Me? I’m only fine with paying the added tax on cars if they actually deliver these:

Viable mass transport system. Anything that would lessen the cars on the road so driving would be more of a luxury than a necessity.

Not privatized. So they’re continuing plenty of the planned massive roadworks and projects like the SLEX-NLEX connector. But if they’re using the added tax to fund it, it must not be privatized. No other party should be allowed to profit from toll though these public-private partnerships are may muck this up.

Quality build. How many infrastructure works have we seen fail as soon as the heavy rains hit? Too many. So enough of the shoddy builds and make sure all structures put up would withstand normal use, natural disasters, and time.

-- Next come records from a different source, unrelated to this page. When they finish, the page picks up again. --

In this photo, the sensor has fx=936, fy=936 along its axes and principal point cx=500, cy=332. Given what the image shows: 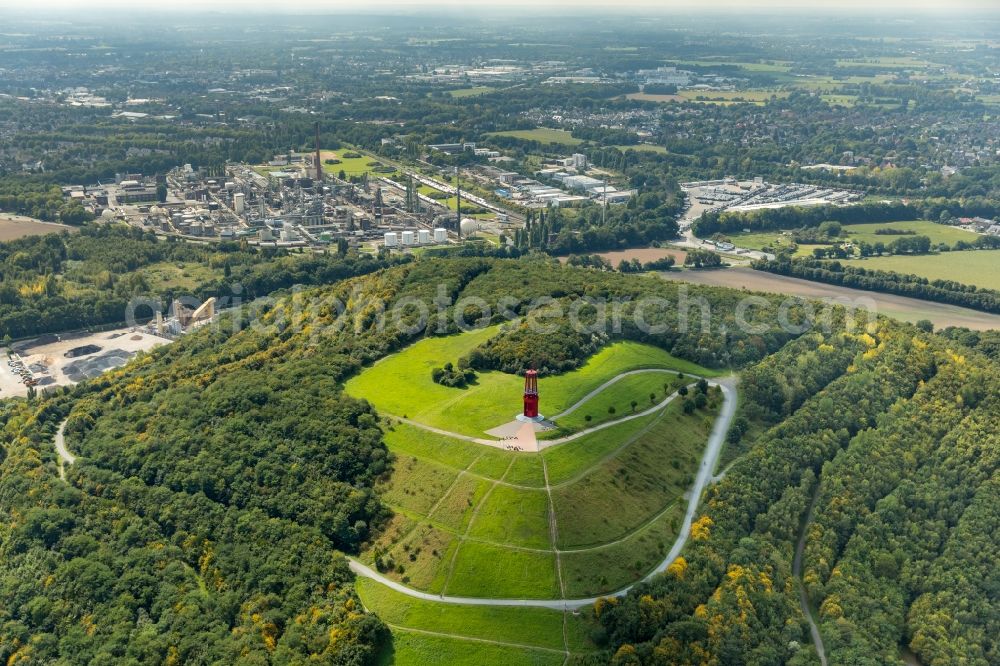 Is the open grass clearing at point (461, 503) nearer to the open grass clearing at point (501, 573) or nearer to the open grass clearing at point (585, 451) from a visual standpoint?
the open grass clearing at point (501, 573)

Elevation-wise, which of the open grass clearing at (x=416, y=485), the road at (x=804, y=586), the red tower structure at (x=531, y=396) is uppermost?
the red tower structure at (x=531, y=396)

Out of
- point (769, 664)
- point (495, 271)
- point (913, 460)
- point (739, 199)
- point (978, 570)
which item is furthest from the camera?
point (739, 199)

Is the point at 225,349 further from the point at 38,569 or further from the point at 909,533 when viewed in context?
the point at 909,533

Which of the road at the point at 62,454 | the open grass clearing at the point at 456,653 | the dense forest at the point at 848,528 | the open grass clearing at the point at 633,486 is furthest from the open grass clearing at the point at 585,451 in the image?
the road at the point at 62,454

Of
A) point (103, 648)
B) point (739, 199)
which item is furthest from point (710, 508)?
point (739, 199)

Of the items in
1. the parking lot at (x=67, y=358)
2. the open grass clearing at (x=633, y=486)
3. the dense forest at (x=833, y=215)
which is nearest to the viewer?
the open grass clearing at (x=633, y=486)

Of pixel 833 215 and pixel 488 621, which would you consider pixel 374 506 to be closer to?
pixel 488 621

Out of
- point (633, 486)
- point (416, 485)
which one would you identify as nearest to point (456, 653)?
point (416, 485) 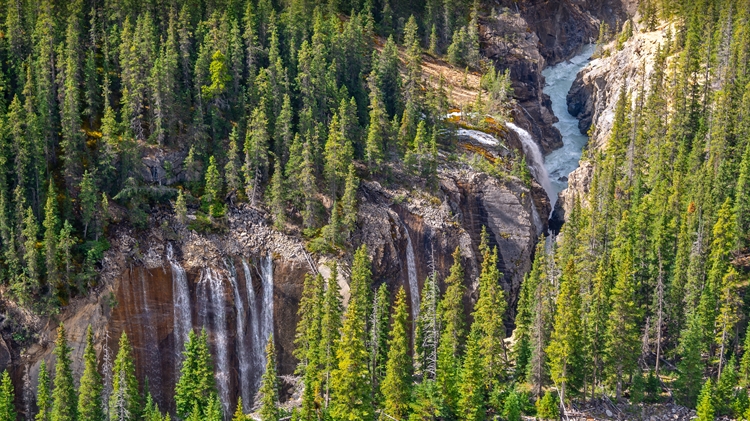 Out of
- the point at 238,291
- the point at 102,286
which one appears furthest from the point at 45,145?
the point at 238,291

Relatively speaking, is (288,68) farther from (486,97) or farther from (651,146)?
(651,146)

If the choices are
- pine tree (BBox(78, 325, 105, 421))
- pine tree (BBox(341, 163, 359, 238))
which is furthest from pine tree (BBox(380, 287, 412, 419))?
pine tree (BBox(341, 163, 359, 238))

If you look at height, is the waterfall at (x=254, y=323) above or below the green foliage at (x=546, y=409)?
above

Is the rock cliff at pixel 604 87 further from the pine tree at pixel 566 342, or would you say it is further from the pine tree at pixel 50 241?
the pine tree at pixel 50 241

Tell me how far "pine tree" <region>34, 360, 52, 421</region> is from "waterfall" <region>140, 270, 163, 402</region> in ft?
39.4

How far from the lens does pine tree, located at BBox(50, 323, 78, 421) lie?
297 ft

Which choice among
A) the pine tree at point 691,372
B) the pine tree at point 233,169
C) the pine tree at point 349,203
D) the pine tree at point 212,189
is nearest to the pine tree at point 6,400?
the pine tree at point 212,189

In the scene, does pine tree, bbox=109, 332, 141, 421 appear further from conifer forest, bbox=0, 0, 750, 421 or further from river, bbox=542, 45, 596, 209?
river, bbox=542, 45, 596, 209

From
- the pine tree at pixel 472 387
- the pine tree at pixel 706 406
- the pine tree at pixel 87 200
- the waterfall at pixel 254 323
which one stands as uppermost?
the pine tree at pixel 87 200

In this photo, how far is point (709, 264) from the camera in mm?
108312

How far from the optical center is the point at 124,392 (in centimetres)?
9038

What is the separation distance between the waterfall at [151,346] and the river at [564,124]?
6071 centimetres

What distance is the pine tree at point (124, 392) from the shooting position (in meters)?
90.2

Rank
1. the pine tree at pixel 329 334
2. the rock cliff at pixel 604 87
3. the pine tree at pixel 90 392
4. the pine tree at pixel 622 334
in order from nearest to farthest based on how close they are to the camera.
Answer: the pine tree at pixel 90 392 < the pine tree at pixel 329 334 < the pine tree at pixel 622 334 < the rock cliff at pixel 604 87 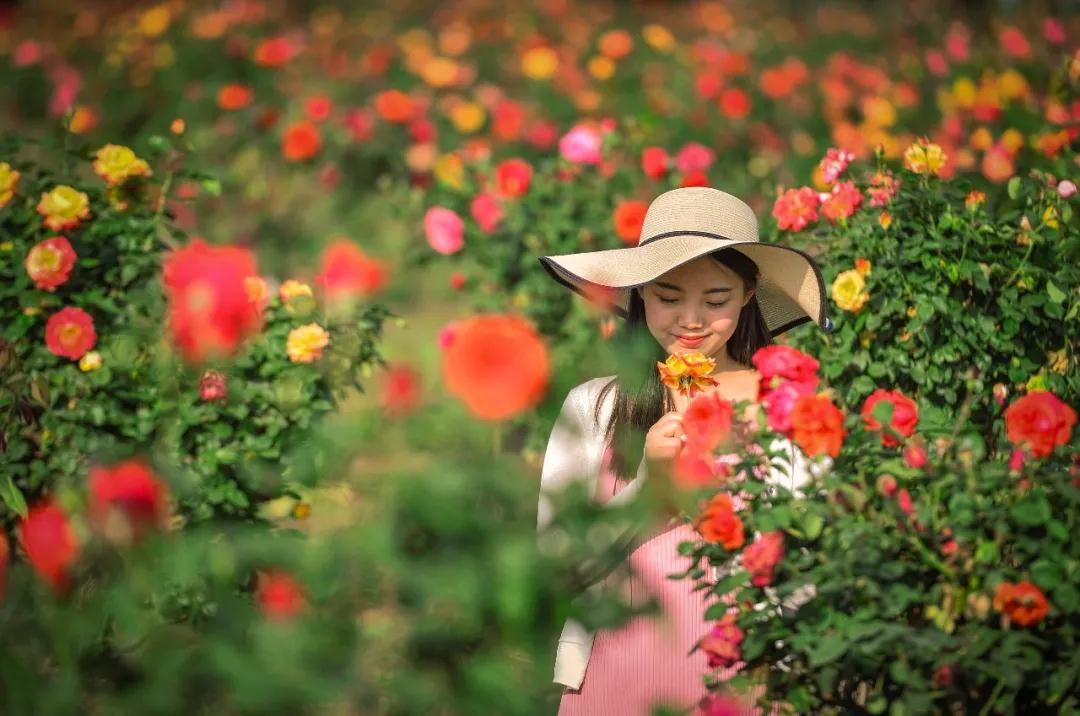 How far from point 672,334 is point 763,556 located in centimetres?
76

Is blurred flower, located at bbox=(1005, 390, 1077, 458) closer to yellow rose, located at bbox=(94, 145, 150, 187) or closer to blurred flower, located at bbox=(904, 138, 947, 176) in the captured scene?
blurred flower, located at bbox=(904, 138, 947, 176)

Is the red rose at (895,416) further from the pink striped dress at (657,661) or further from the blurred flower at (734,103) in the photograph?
the blurred flower at (734,103)

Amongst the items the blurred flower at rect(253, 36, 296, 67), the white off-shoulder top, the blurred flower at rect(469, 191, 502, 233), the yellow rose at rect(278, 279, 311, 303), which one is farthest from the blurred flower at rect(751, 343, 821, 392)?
the blurred flower at rect(253, 36, 296, 67)

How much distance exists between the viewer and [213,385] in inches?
107

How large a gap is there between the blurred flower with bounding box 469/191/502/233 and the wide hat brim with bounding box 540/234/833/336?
5.10ft

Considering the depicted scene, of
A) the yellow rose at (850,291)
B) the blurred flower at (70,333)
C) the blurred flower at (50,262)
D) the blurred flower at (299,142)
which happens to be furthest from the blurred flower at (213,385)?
the blurred flower at (299,142)

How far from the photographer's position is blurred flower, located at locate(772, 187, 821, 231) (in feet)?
9.24

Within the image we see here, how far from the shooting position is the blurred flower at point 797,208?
2.82m

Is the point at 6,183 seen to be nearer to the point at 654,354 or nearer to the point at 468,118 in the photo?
the point at 654,354

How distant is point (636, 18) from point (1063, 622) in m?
9.96

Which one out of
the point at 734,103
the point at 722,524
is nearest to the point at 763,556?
the point at 722,524

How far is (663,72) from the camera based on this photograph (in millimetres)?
7168

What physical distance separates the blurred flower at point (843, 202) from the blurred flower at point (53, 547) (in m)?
1.96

Curb flooding. One of the reasons why small cars aren’t so feasible these days is because it floods everywhere. Good luck with gutter deep floods with a small car. But with the excise tax, your compact CUV (EcoSport, Juke, etc..), by 2018, will cost about the same amount a mid-size SUV (Fortuner, Montero, etc…) costs today. So if all I can afford is a Wigo, I should be able to not worry about floods on my commute.

No kickbacks or corruption. It has been part of our psyche to believe that all infrastructure projects involve some for of corruption hence the reason for delayed completion, shoddy workmanship, and

No entitled convoys of politicians. The wang-wangs are back and I don’t ever want to see entitled politicians hog the roads that we pay for.

Better government services overall. So most of these points are mainly about road works but if we’re to pony up more of our hard-earned money to the government, we deserve better. So much better.